Ainsi, selon le dernier Rapport mensuel sur les opérations financières de Québec, l'impôt que les particuliers québécois ont payé est passé de 2,24 milliards de dollars au mois de décembre 2007 à 1,95 milliard en décembre 2008. Novembre avait aussi été négatif, avec un recul de 5,2%.

«Il ne serait pas surprenant de voir d'autres baisses de 13% ou davantage au cours des prochains mois», indique Sébastien Lavoie, économiste à Valeurs mobilières Banque Laurentienne. Comme le note l'économiste de VMBL, «le facteur numéro un, c'est l'emploi (...) Les revenus générés par le marché du travail n'étaient pas aussi robustes».

En décembre, l'économie québécoise a perdu 48 700 emplois à temps plein et en a créé 39 300 à temps partiel. Une dégradation qui s'est poursuivie depuis.

À Québec, le premier ministre Jean Charest, qui a livré hier son discours inaugural, ne cache pas les effets de la crise sur les finances publiques. «Par effet domino, nous voyons une réduction de la production, de l'emploi, des profits et des impôts, qui se répercute jusque dans les revenus de l'État.»

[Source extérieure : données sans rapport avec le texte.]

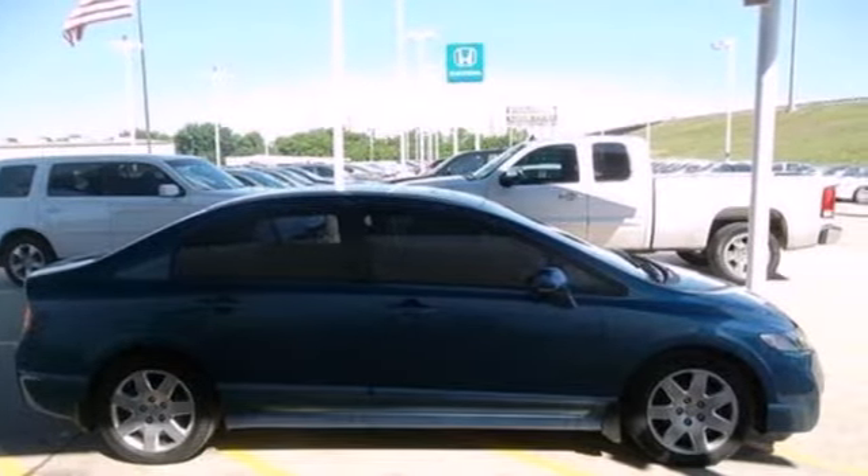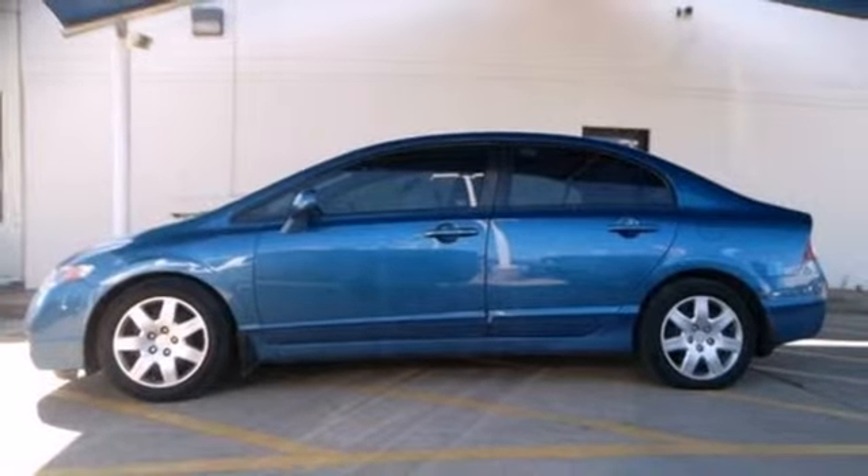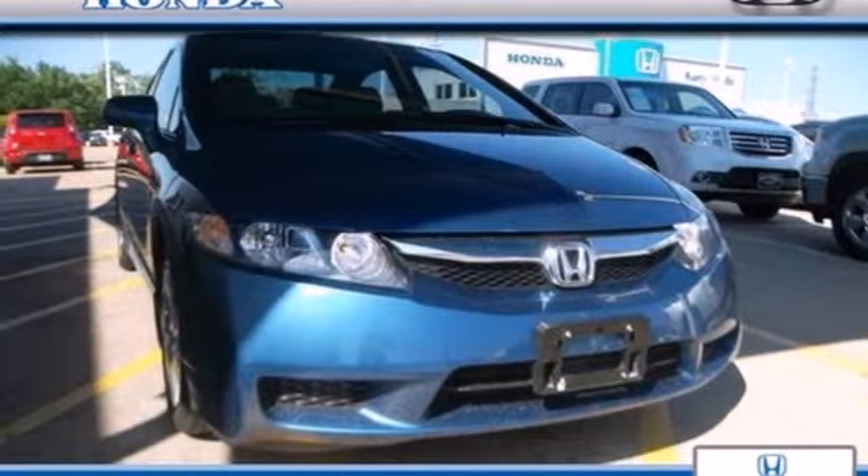The spectacular Civic combines both sense and sensibility in a stylish package second to none in its class. Come on in today and take it for a test drive.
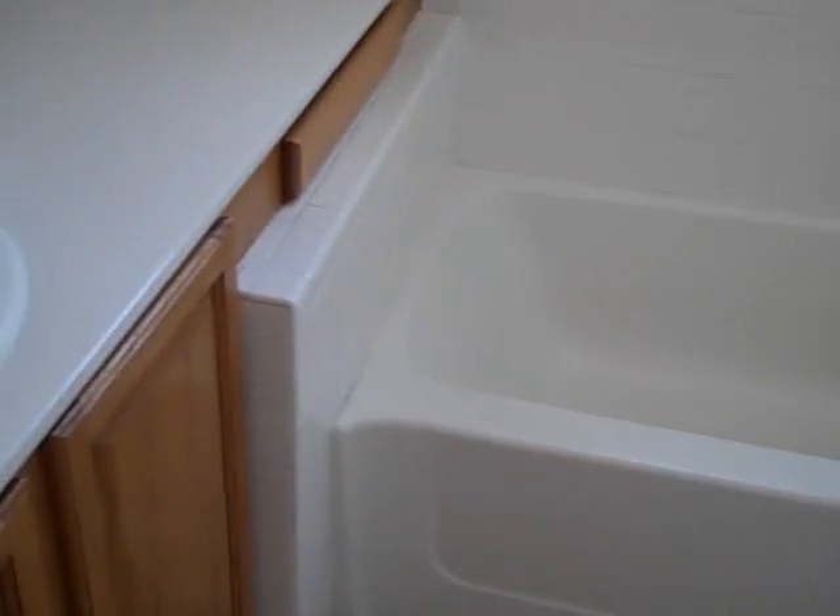We go into the master bath. It has a garden tub, a nice tile floor, cabinets, and a dual sink. Walking around into the shower — it's in very good shape and has a little bench in the back.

Le porte-parole du ministère des Finances, lui, se fait rassurant. «Pour l'instant, on ne parle pas de tendance», a expliqué Jacques Delorme. D'avril à décembre, ajoute-t-il, les revenus provenant de l'impôt des particuliers n'ont diminué que de 1,3%.

«En janvier et février, ça devrait être pire parce qu'il y a des pertes d'emplois actuellement», estime pour sa part Yves St-Maurice, économiste en chef adjoint chez Desjardins, Études économiques.

D'ailleurs, lui et son équipe sont à revoir leur prévision de croissance économique pour le Québec. À la fin du mois, ils l'abaisseront de nouveau et prédiront une contraction d'environ 2% de l'économie du Québec. Ça aussi, c'est tout un plongeon, quand on se rappelle qu'en octobre, Desjardins prévoyait une croissance de 0,8%. Une prévision que l'institution de Lévis a abaissée de mois en mois.

M. St-Maurice impute la dernière révision à la lenteur avec laquelle les plans de relance se mettent en branle au Canada et aux États-Unis. «Ça ne va pas aussi vite qu'on pensait», résume-t-il.

Chez VMBL, on garde la prévision de 1,1% de recul. Ce qui peut réconforter les plus optimistes, ce sont les revenus provenant des taxes à la consommation: ils étaient en hausse de 3,2% en décembre et de 1,3% depuis avril.

Deux déficits

Autre élément qui saute aux yeux quand on examine le dernier rapport du ministère des Finances: le Québec sera en déficit pour l'année en cours et la prochaine. Pour cette année, qui se termine le 31 mars, la ministre Monique Jérôme-Forget devra puiser dans sa réserve de 2,3 milliards pour éponger l'encre rouge. Une manoeuvre qu'elle ne pourra pas répéter l'an prochain, puisque sa «sacoche» sera vide ou presque vide.

Ainsi, au 31 décembre, le déficit atteignait déjà 1,53 milliard. Il restait alors trois mois difficiles à l'exercice. Pour l'an prochain, Desjardins prévoit que le déficit atteindra «plus de 3 milliards». Ajoutez à cela 1,5 milliard pour un plan de relance additionnel, et on revient à un déficit avoisinant les 5 milliards de dollars, soit tout près du déficit record de 5,8 milliards de 1994-1995.

À l'époque, il représentait toutefois 3,4% du produit intérieur brut (PIB), comparativement à 1,7% actuellement.